**Exercise instructions:**
From the records below, transcribe only the lines running from the one with "ZWP Replacement Remote" through the one with "A2即热式电热水壶_11". Keep both of those end lines.

**Source data:**
────────────────────

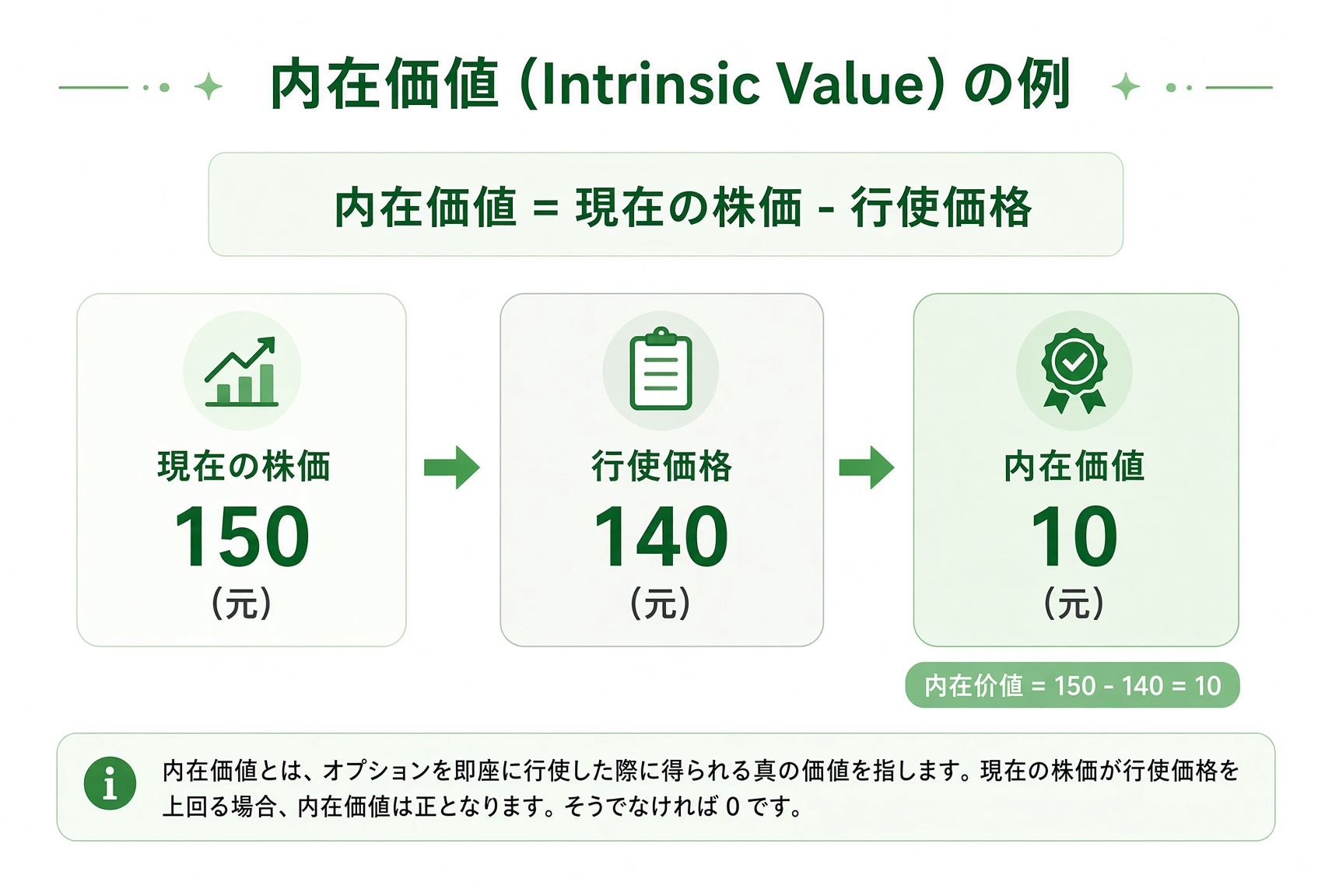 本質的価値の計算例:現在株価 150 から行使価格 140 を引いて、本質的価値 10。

────────────────────

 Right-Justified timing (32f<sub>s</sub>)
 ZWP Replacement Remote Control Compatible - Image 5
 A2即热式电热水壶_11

────────────────────

**Written answer:**
 ZWP Replacement Remote Control Compatible - Image 5
 A2即热式电热水壶_11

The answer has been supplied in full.